Commentary: Rising Imports Won't Sink Japan
By Brian Bremner
With its anemic growth, crumbling domestic companies, and mountain of bank debt, Japan has been the sad joke of the global economy for years. But not in one regard. Year after year during its decade-long slide, the country has run up a huge current-account surplus. That's a measure of all the money a country brings in from abroad through trade, service, and investment flows. A quarter century of exporting Toyotas (TM ) and Sony (SNE ) gadgets has brought Tokyo a surplus of roughly $1.6 trillion--a source of national pride.
But what if Japan's export machine falters? These days, the nation's press is full of dire predictions that Japan--gasp!--may turn into a net importer of goods and services and become dependent on foreign capital to pay for the foreign wares it increasingly covets. In other words, it'll become just like that other global debt-head, the U.S.
SEISMIC SHIFT. It's easy to see why the Japanese are obsessing over these dry trade figures. Data released July 12 show that the surplus for May fell a staggering 46% from a year ago. Despite the yen's 12% depreciation against the dollar over the past year, Japanese exports are down 15% to the U.S. through May. Meanwhile, even though Morgan Stanley & Co. forecasts that the overall economy will contract 0.8% in 2001, import volumes will clock nearly 5% growth. The fear is that if Japan has to borrow abroad to pay for imports, rates will rise so much they will smother the weak economy.
Scary scenario. But the Japanese should calm down. The data do indeed show a seismic shift in the economy. The decline in the surplus, however, may actually indicate that Japanese companies are finally getting serious about adopting global business practices. The surge in Japan's imports stems largely from a shift to overseas manufacturing. The bulk of them are items like high-powered lenses destined for Canon digital cameras and liquid crystal displays for NEC mobile phones.
Japan's manufacturers are going offshore to flee an expensive labor force. A personal computer that costs $1,800 to make in Japan costs only $1,140 to contract out in Taiwan and reship back to Tokyo for sale. That's why top computer makers such as Fujitsu Ltd. and Toshiba Corp. have announced plans to triple their outsourcing work in the next several years, from the current 10% of production to 30%. Thus, economists project Japan's current-account surplus will be sliced in half, to $54 billion, by yearend, compared with 2000 (table). And the forces pushing the surplus down will assert their influence even after Japan's economy recovers.

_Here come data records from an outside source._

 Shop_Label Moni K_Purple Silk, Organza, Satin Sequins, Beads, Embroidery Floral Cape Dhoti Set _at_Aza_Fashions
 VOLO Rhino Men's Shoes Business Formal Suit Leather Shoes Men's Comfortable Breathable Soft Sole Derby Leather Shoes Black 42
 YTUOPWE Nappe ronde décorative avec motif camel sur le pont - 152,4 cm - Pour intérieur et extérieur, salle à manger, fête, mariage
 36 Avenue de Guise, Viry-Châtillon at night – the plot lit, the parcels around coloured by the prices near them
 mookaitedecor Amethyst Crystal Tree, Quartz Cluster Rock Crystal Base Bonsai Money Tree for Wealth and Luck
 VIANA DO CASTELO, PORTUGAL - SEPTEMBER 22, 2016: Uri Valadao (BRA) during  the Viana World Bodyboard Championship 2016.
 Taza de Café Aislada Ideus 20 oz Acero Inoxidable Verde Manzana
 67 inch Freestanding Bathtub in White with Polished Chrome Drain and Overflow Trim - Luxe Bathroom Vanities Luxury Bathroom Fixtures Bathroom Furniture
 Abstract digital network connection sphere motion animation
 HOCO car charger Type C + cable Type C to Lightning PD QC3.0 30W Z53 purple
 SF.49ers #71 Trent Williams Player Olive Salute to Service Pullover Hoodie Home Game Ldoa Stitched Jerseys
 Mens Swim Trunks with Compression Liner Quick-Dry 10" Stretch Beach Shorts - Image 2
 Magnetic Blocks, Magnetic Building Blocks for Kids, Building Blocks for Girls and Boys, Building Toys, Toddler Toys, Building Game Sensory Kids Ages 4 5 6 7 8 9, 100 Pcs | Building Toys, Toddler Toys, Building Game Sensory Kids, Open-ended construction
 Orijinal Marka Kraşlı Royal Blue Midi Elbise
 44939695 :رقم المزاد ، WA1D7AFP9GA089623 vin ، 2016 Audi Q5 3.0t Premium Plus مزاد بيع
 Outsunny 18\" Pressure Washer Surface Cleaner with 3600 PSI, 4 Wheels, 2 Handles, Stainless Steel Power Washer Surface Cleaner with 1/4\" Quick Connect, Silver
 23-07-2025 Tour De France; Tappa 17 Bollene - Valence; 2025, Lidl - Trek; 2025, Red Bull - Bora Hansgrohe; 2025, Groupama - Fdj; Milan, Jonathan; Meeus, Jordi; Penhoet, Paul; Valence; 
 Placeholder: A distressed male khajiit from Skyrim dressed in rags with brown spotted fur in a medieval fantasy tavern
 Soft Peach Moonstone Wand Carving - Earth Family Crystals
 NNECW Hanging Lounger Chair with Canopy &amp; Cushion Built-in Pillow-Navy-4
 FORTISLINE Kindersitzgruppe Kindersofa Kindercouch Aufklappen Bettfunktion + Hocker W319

There's nothing intrinsically wrong with this development. Japanese companies need to outsource to stay competitive. Companies should focus the efforts of their well-paid, well-trained Japanese workers on making more complex products like high-end liquid crystal display panels and digital TVs, while other workers should enter the service economy. This shift occurred in the U.S. and, by and large, produced a healthier economy. Japan should let China, already home to one-fifth of Japanese consumer-electronics parts and component plants, handle the job of producing cheap goods.
AGING POPULATION. On top of that, since stepped-up deregulation in Japan has encouraged a flood of imports, consumers now spend 2% less of their income on clothing and food than they did last decade. Shoppers can buy $15 dress shirts imported from China instead of $50 shirts made locally. Besides, as seniors living on fixed incomes proliferate in Japan, they will need cheaper goods and services to prevent living standards from falling.
But what about the fear that the surpluses will turn into deficits---and that the need for foreign capital to finance the trade deficit will send Japan's long-term bond yields soaring? This prospect is largely a fiction. That's because Japan has its own, almost bottomless source of capital overseas: the earnings from thousands of Japanese plants abroad as well as the payout from huge investment in U.S. Treasuries and European bonds. Instead of worrying about its surplus, Japan should turn its vast talents to rebuilding the rest of its creaking economy.
Bremner covers Japanese finance from Tokyo.